Cannot retrieve data on S3 Bucket from a deployed lambda

I invoke a step function from a lambda function, that processes data and stores them in a S3 bucket. From within this lambda function I tried to download the data but I am getting an error message with "AccessDenied" (see further below).

If I run this lambda function a second time, I do not get any error and the execution terminates successfully. My understanding is that during the first run, the data are not yet stored while I am trying to download them, which would explain why on my second try this is working good.

I am using the pair async/await thinking that this would be enough to hold the execution while waiting for the data to be stored. Is there something I am not doing correctly?
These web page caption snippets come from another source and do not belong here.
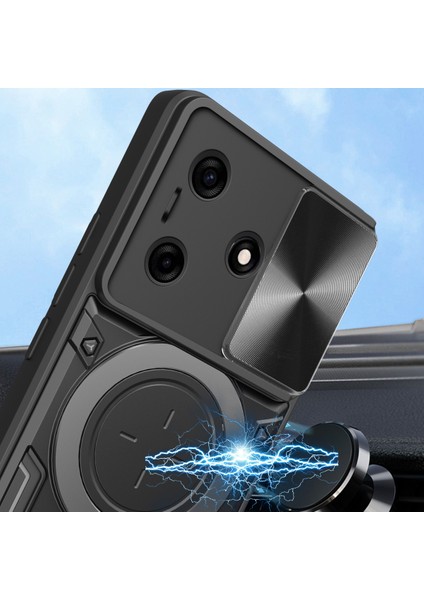 Tecno Spark 10 / Spark 10C Için Çift Katmanlı Telefon Kılıfı, Slayt Kamera Kapağı ve Metal Gizli Braket ile Rose Gold (Yurt Dışından) modelleri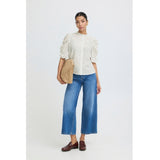 b.young B.YOUNG dam skjorta BYFFION Shirt WHITE BLUE BLUEBERRIES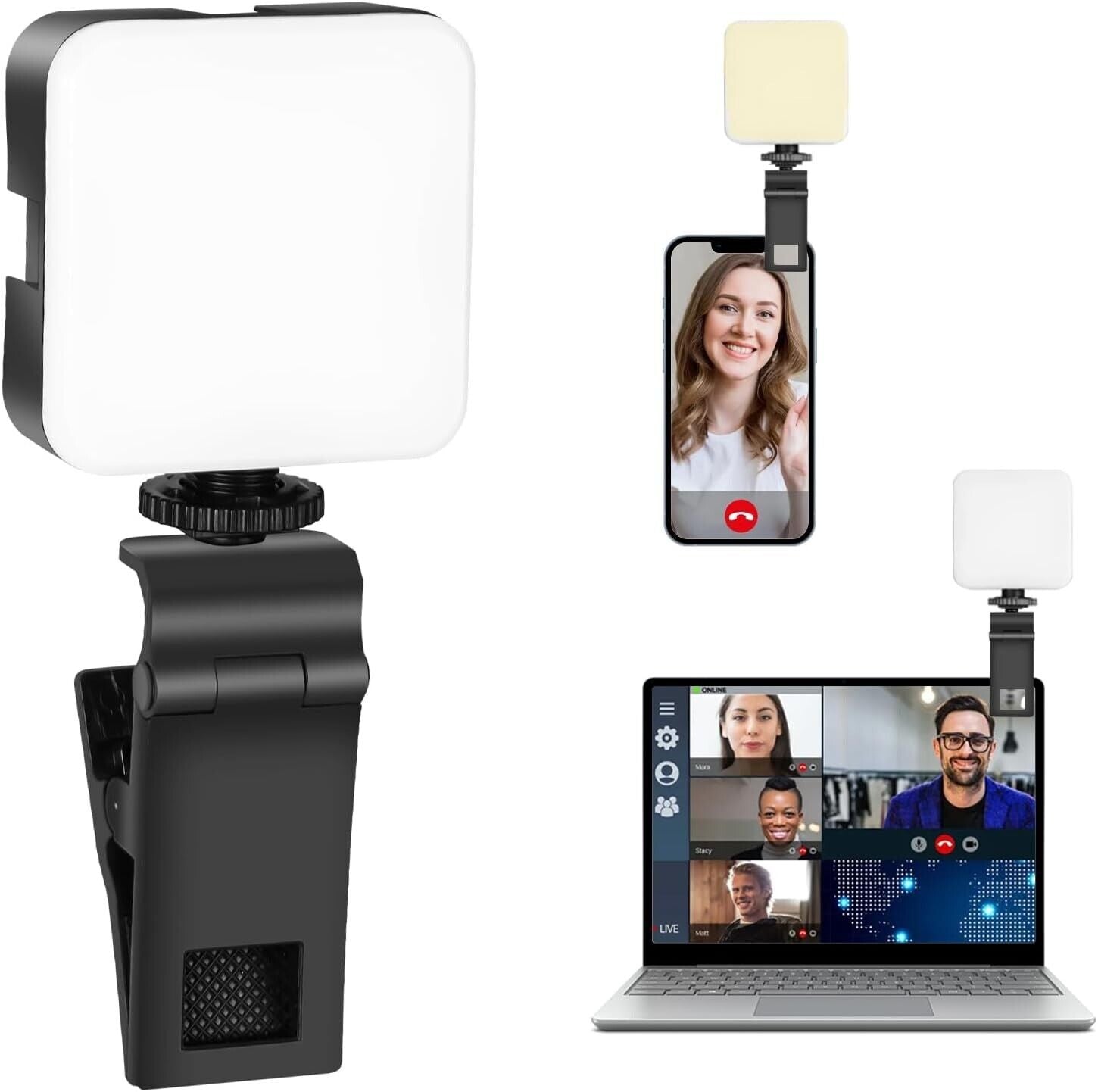 Mobile phone selfie light with clip, video light LED, video light mobile phone light portable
Here is an extract of the code (step function not detailed here):

async function downloadData(){
    var rawData = await s3.getObject({Bucket: 'myBucket/', Key: 'myData.json'}).promise();
    var data = JSON.parse(rawData.Body.toString('utf-8'));
    return data;

async function invokeStepFunction(){
    const stepfunctions = new AWS.StepFunctions();
    var params = {
        stateMachineArn: process.env.state_machine_arn,
        input: JSON.stringify({"Bucket": 'myBucket/'})
    await stepfunctions.startExecution(params).promise();

const AWS = require('aws-sdk');
AWS.config.update({region: process.env.region});
const s3 = new AWS.S3({apiVersion: '2006-03-01'});

module.exports.handler = async (event, context) => {
    await invokeStepFunction();
    const data = await downloadData();

and this is the error message:

{"errorType":"AccessDenied","errorMessage":"AccessDenied","code":"AccessDenied","message":"AccessDenied","region":null,"time":"2020-03-25T13:13:20.832Z","requestId":"...","extendedRequestId":"...","statusCode":403,"retryable":false,"retryDelay":91.97041111587372,"stack":["AccessDenied: Access Denied","    at Request.extractError (/var/runtime/node_modules/aws-sdk/lib/services/s3.js:816:35)","    at Request.callListeners (/var/runtime/node_modules/aws-sdk/lib/sequential_executor.js:106:20)","    at Request.emit (/var/runtime/node_modules/aws-sdk/lib/sequential_executor.js:78:10)","    at Request.emit (/var/runtime/node_modules/aws-sdk/lib/request.js:683:14)","    at Request.transition (/var/runtime/node_modules/aws-sdk/lib/request.js:22:10)","    at AcceptorStateMachine.runTo (/var/runtime/node_modules/aws-sdk/lib/state_machine.js:14:12)","    at /var/runtime/node_modules/aws-sdk/lib/state_machine.js:26:10","    at Request.<anonymous> (/var/runtime/node_modules/aws-sdk/lib/request.js:38:9)","    at Request.<anonymous> (/var/runtime/node_modules/aws-sdk/lib/request.js:685:12)","    at Request.callListeners (/var/runtime/node_modules/aws-sdk/lib/sequential_executor.js:116:18)"]}

1 answer

  • answered 2020-03-25 17:19 jarmod

    When you await the step function startExecution invocation, you are waiting for AWS Step Functions to indicate that it has received your request to begin execution of the Step Function. It does not indicate that the Step Function has itself run to completion.

    So, you're executing downloadData before the Step Function actually stored the data in S3, and the file does not exist in S3 first time around. When you call it later, that downloadData appears to succeed but it is almost certainly downloading the object previously stored in S3 (from the first run).

    You need to execute your download step sometime after the download has actually happened. You could, for example, make the download an additional step at the end of the upload Step Function.